A proposito. Patagonia è la somma di due ecosistemi apparentemente dissimili. Semplificando: Ande ad ovest, bassopiani ad est. Ghiacci e deserti che, tuttavia, a pensarci bene sono quasi la stessa cosa. Innanzitutto, lungo l’inesausta costa atlantica sorge la penisola di Valdes, provincia del Chubut. Terreno arido, impenetrabile, regolarità polverosa a perdita d’occhio. Terre accomodanti ma solo per puma, guanachi, armadilli, leoni ed elefanti marini. Con orche in mare aperto e pinguini dentro e fuori dall’acqua, forse gli esseri viventi più simpatici del pianeta Terra. Qui è ancora tutto loro. Mare e steppa, all’infinito, ovunque ci si volti. Un luogo diverso da ogni altro che l’ha preceduto nella memoria del viaggiatore, identità patagonica incastonata al di fuori dalle principali rotte turistiche. Perché non c’è nulla. Anzi, qui ci si viene proprio per la ricerca terapeutica del nulla. E se a Trelew c’è pure un aeroporto, è altrettanto vero che anche anche tra piste, torri e velivoli, la vita scorre in punta di piedi. Lo scalo apre per far partire quell’unico volo, poi chiude in fretta e furia. Ci si muove con circospezione, quindi, dimenticando l’orologio e i suoi assilli, e non solo perché le strade ancora non conoscono la puzza d’asfalto. La precedenza va ai guanachi in marcia, la distanza premia la pace dei pinguini, il silenzio allieta il volo delle sterne. L’uomo, almeno per una volta, si muove entro spazi che lo fanno sembrare invisibile. Una soddisfazione, al pari della vista da Punta Delgada, pennellate sullo sfondo che esplorano le tonalità del blu. Forse il modo migliore per rendere l’idea di infinito. Ossimoricamente, qua, proprio dove il mondo finisce.

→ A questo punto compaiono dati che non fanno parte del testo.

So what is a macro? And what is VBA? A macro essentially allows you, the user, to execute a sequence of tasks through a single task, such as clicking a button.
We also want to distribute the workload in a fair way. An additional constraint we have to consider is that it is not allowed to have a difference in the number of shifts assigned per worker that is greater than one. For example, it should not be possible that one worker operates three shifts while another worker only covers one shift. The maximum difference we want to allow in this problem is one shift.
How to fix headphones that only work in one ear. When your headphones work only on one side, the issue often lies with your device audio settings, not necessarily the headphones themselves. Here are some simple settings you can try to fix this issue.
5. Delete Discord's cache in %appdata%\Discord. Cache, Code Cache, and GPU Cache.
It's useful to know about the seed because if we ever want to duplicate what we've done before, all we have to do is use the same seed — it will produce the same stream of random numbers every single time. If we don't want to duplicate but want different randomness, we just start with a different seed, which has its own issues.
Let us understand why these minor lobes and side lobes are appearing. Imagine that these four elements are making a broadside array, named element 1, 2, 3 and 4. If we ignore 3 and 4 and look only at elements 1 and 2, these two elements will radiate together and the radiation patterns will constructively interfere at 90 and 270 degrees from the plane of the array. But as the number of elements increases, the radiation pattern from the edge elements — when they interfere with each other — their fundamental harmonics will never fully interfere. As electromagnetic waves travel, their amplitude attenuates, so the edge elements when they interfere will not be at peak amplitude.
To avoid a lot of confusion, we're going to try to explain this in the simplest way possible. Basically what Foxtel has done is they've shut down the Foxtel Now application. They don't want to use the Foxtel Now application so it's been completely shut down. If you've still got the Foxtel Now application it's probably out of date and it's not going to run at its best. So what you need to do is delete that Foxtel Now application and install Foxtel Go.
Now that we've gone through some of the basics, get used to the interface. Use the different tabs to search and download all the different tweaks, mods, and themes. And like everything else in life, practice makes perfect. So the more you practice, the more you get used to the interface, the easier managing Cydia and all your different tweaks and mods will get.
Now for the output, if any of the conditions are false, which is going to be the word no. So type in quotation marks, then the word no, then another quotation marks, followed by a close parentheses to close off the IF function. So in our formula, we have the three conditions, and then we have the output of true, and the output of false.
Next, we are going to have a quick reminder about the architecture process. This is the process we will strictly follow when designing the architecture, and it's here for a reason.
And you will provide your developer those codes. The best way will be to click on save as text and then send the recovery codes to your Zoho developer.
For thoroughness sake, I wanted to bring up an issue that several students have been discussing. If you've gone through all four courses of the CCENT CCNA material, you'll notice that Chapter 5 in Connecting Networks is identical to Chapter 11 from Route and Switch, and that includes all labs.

Ovest, dall’altra parte, fa scopa con ghiaccio. Il parco nazionale Los Glaciares, al contrario, è decisamente un polo di richiamo per gli aficionados della montagna di ogni latitudine. Cerro Chaltén e Torres del Paine sono nomi cari a chi fa dell’orografia impervia una inviolabile ragione di vita. A proposito di queste ultime mastodontiche torri di granito, sono tre, alte quasi tremila metri ed erose da gelo e vento, la ‘nord’ fu scalata per la prima volta da un italiano, Guido Monzino, e non è raro sentirla chiamare, appunto, Torre Monzino. Anche la ‘sud’ ha un forte legame con l’Italia. In particolare con il prete salesiano nonché esploratore esperto di Patagonia Alberto De Agostini, biellese, a cui è stata intitolata. Il Governo cileno, inoltre, gli ha dedicato anche un parco nella Terra del Fuoco e un fiordo. Detto di Calafate città e di un’aura troppo occidentale per essere vera, lì vicino, ad essere alimentato dal Parco de Hielo Patagónico Sur – sconfinato ghiacciaio continentale nonché terza calotta glaciale dopo Antartide e Groenlandia – è il Perito Moreno, duecentocinquanta chilometri quadrati del sistema andino il cui nome lo si associa a Francisco Moreno. Pioniere, che a suo tempo difese i confini argentini dalla disputa con i vicini cileni. Perito, nel senso di esperto della materia. Perito Moreno, in senso meno letterale, significa eternità dinamica, un paradosso di ghiaccio. Perché ogni anno il ghiacciaio perde tanta massa quanta ne acquisisce, dunque è stabile, ma si muove. Non essendo ancorato alla roccia sottostante, grazie ad un cuscino d’acqua al piede gli è consentito un moto traslazionale. Corre. Un paio di metri al giorno, l’ingegneria di madre natura. Tre ore di cammino fino al cuore del ghiacciaio, con il Cerro dos Picos sullo sfondo, sono un’esperienza difficilmente replicabile altrove che ben spiega perché quella dei limiti territoriali sia diatriba tra i due stati confinanti ancora irrisolta a distanza di secoli. Del resto, chi non vorrebbe fregiarsi di un luogo simile?. In gergo turistico lo si chiama ‘Big Ice’. Pace dei sensi, in quello del viaggiatore che si trova immerso in un mare allo stato solido, tra i boati dei seracchi che si staccano e sprofondano e i venti che, sibilando, scolpiscono i profili.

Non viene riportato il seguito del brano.